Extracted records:
====
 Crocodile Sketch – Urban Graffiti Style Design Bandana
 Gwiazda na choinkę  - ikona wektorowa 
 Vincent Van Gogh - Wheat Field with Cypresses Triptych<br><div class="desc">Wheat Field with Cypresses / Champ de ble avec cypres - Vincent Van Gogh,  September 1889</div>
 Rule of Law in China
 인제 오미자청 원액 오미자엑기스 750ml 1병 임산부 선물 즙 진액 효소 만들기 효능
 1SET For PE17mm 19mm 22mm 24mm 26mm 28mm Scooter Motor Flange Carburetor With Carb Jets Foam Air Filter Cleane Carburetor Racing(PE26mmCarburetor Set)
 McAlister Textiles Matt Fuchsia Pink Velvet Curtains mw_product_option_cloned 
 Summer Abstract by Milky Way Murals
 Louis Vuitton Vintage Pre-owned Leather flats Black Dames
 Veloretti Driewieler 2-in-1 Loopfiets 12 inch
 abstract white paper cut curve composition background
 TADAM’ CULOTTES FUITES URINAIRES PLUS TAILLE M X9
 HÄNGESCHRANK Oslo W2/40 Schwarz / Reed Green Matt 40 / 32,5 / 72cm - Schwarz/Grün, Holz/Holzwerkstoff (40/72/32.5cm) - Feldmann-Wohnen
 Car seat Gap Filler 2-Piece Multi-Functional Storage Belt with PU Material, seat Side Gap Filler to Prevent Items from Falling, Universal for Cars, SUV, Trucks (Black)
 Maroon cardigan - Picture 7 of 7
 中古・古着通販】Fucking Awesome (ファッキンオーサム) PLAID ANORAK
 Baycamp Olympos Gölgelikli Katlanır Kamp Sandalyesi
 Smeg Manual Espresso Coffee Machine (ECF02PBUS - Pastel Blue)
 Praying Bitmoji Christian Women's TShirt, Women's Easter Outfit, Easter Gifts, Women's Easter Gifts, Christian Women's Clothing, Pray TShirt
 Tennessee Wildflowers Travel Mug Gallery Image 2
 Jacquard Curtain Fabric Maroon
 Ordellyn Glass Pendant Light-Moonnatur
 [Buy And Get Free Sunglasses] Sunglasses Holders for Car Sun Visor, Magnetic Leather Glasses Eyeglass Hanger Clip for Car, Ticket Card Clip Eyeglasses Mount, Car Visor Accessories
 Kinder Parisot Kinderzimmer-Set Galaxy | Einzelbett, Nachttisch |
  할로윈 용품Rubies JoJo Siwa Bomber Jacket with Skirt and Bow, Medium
====
[INSTRUCTIONS FOR THE TASK] Some lines in the data above hold the string "Leather". Find and copy each of them.

[OUTPUT]
 Louis Vuitton Vintage Pre-owned Leather flats Black Dames
 [Buy And Get Free Sunglasses] Sunglasses Holders for Car Sun Visor, Magnetic Leather Glasses Eyeglass Hanger Clip for Car, Ticket Card Clip Eyeglasses Mount, Car Visor Accessories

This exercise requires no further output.